Pour la Sénatrice, la victoire de la Côte d’Ivoire à la CAN de l’hospitalité restera gravée comme « la cerise sur le gâteau ». « C’était une récompense après des semaines de doutes, de découragements, mais aussi d’espoir. Tous les Ivoiriens ont vibré à l’unisson, c’était bien plus qu’un trophée : une leçon de vie et de communion nationale », confie Mariam Gabala Dao.
« Le suspense m’oblige à me lever ! » : Les coulisses d’une passion
Ancienne membre du comité de normalisation de la FIF (Fédération Ivoirienne de Football), Mariam Gabala Dao connaît bien les coulisses tumultueuses du ballon rond. « Le football est un environnement de passions, parfois de violences ou d’incompréhensions. Mais c’est ça la magie : des torrents d’émotions, du suspense à couper le souffle… Je n’ai jamais réussi à regarder un match, assis jusqu’au bout ! », avoue-t-elle. Son expérience à la FIF lui a appris à gérer « l’anxiété, la joie, et même les moments où le cœur menace de lâcher ».

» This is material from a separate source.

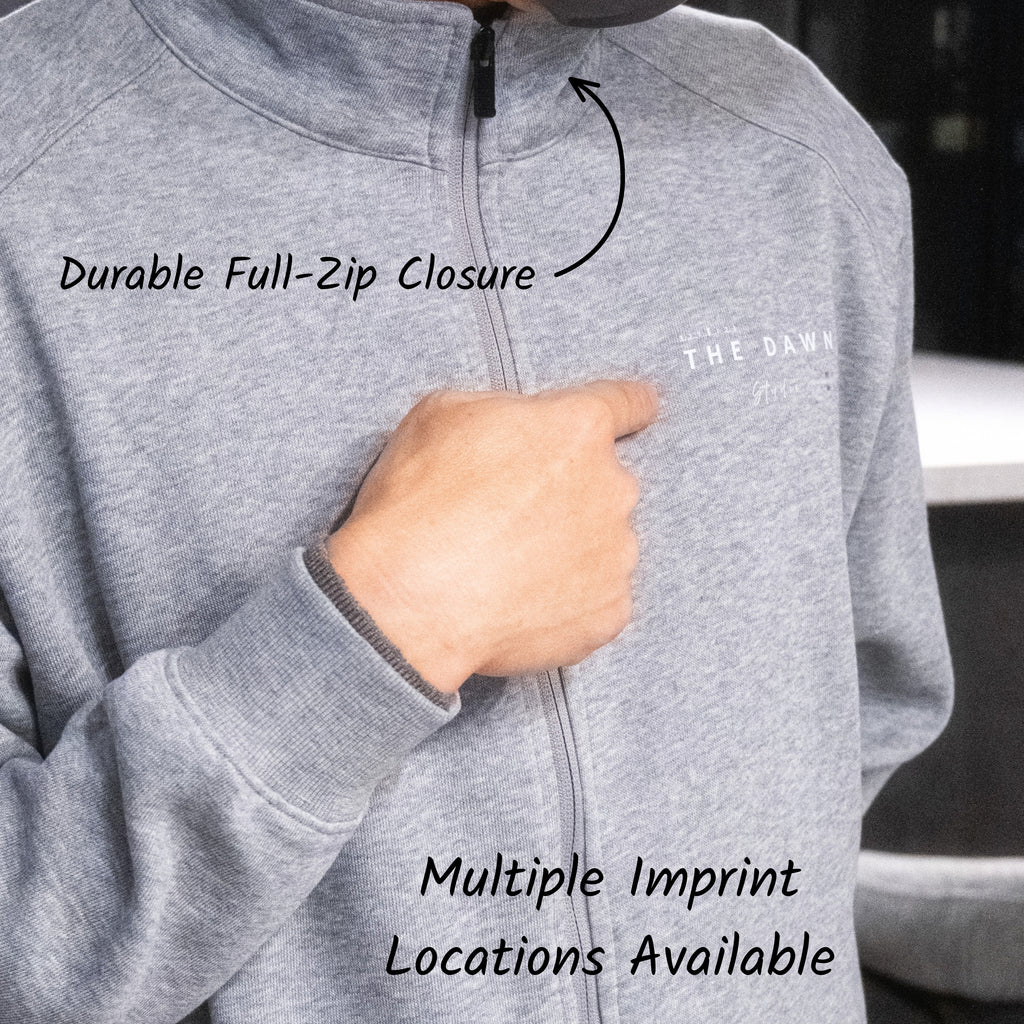 Custom 330 GSM Full-Zip Sweatshirt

Optimiste pour la CAN 2025 au Maroc, la Sénatrice mise sur « une équipe mentalement plus forte » après les épreuves de 2023. « Ils ont survécu à l’enfer, ils peuvent tout surmonter. Avec confiance, même blessés, ils ne sentiront pas la douleur : leur esprit sera fixé sur la victoire », assure-t-elle. Un message non nuancé aux joueurs : « Gardez cette flamme. L’encadrement actuel a les moyens de vous mener vers une quatrième étoile ».
Un entraîneur ivoirien : « Valorisons nos talents locaux ! »
L’arrivée d’un entraîneur national à la tête des Éléphants est pour elle une « fierté ». « Pourquoi chercher ailleurs ce que nous avons ici ? Un Ivoirien comprend la psychologie de nos joueurs. Personne ne peut mieux les galvaniser ! », argumente-t-elle. Un choix stratégique selon elle. « C’est le début d’une nouvelle ère où nous misons sur nos compétences locales ».
Football féminin : « La future mine d’or du sport ivoirien »
Si le football masculin porte les espoirs, Mariam Gabala Dao plaide pour un investissement massif dans le football féminin. « C’est la nouvelle frontière ! Nous avons des talents incroyables, mais ils sont sous-exploités. Le Nigéria domine ? Nous pouvons les détrôner et briller en Afrique », lance-t-elle. Elle insiste sur le potentiel économique : « Le football féminin tenue des sponsors, crée des emplois. La FIF y croit, à nous de saisir cette opportunité ! ».
Pour elle, l’avenir du football ivoirien passe par une diversification. « Le modèle actuel repose trop sur les hommes. En développant le féminin, nous construisons une économie sportive solide et inclusive », explique-t-elle. Un appel aux institutions et investisseurs : « Les ressources existantes, les talents aussi. Il ne manque que la volonté politique et collective ».
« La CAN 2023 nous a montré que rien n’est impossible. Maintenant, osons innover : localisons nos choix, croire en nos femmes, et la Côte d’Ivoire deviendra une référence sportive incontournable » résume-t-elle. Un discours qui résonne comme un mantra pour les prochaines générations.